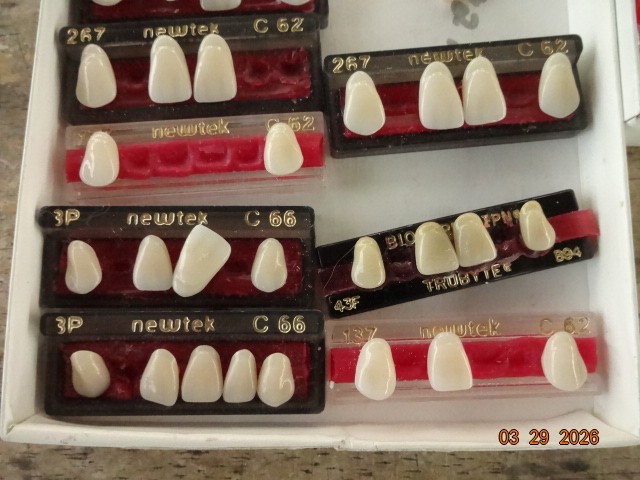 acrylic resin teeth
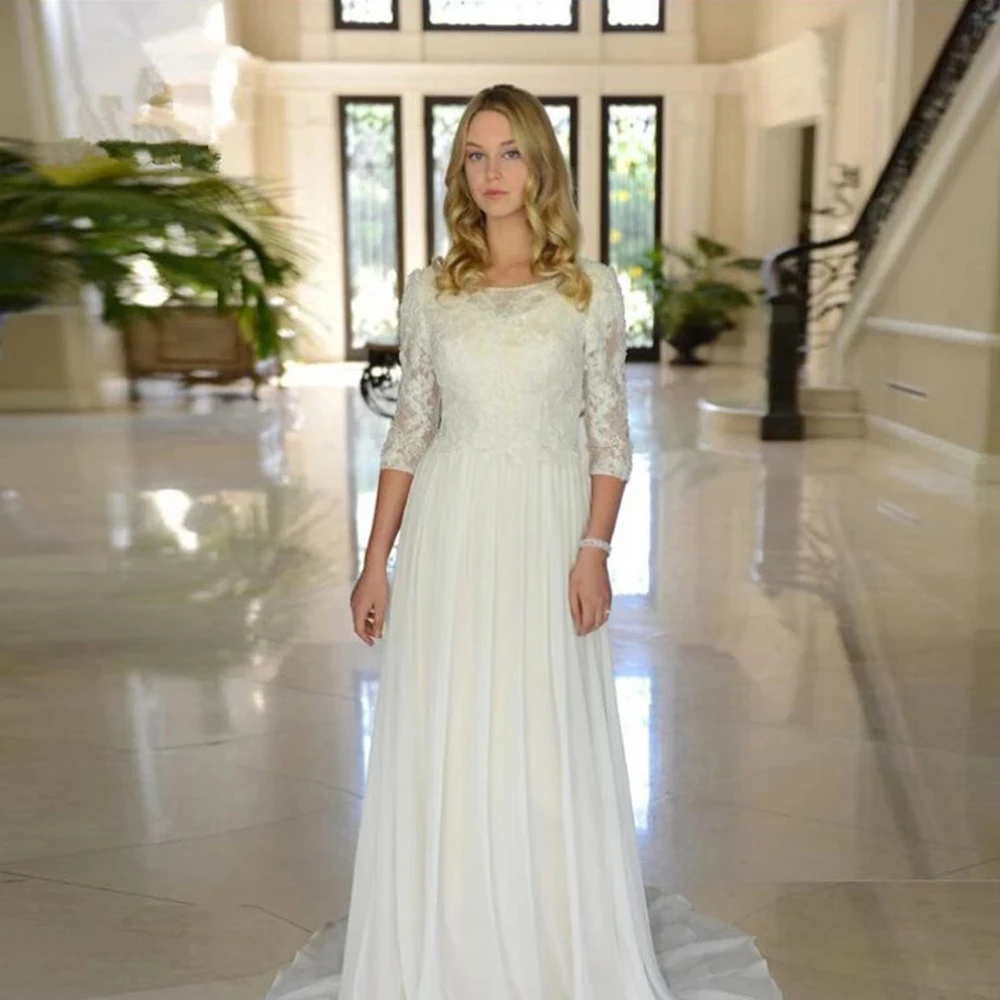 2021 White Chiffon A Line Vintage Wedding Dress 3/4 Sleeve Lace Appliques Beaded Sequins Modest Bridal Gown
2021 White Chiffon A Line Vintage Wedding Dress 3/4 Sleeve Lace Appliques Beaded Sequins Modest Bridal Gown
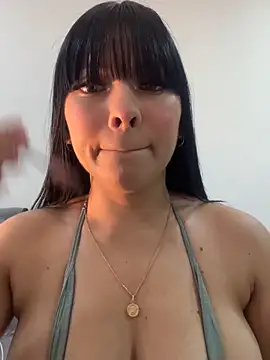 BrendaCrean online show from May 2026 12:44:01 PM
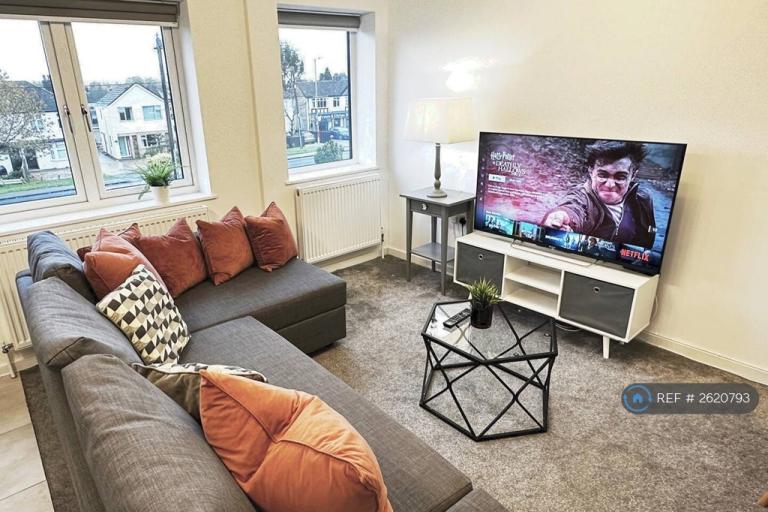 2 bedroom flat in Bicester Road, Kidlington, OX5 (2 bed) (#2620793)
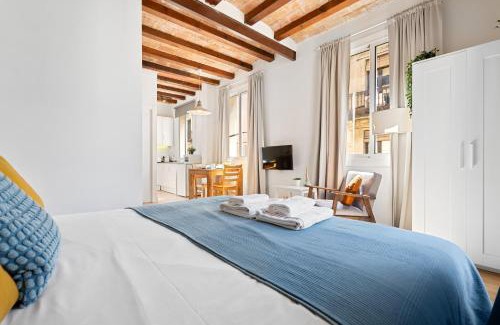 Ciutat Vella Apartment | Lodging Apartments Barceloneta Beach Studio 32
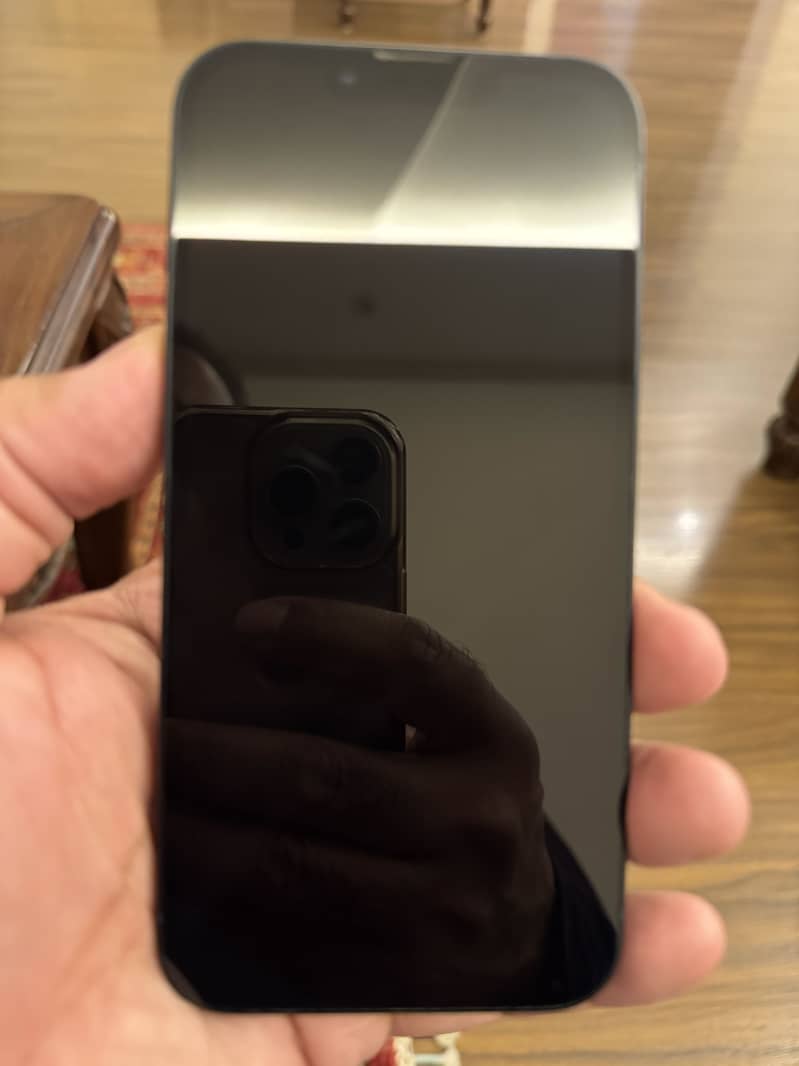 Apple iPhone 13 3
━━━━━━
● ASSIGNMENT:
Please print the records above word for word, leaving every image out.

● REPLY:
 acrylic resin teeth
 2021 White Chiffon A Line Vintage Wedding Dress 3/4 Sleeve Lace Appliques Beaded Sequins Modest Bridal Gown
2021 White Chiffon A Line Vintage Wedding Dress 3/4 Sleeve Lace Appliques Beaded Sequins Modest Bridal Gown
 BrendaCrean online show from May 2026 12:44:01 PM
 2 bedroom flat in Bicester Road, Kidlington, OX5 (2 bed) (#2620793)
 Ciutat Vella Apartment | Lodging Apartments Barceloneta Beach Studio 32
 Apple iPhone 13 3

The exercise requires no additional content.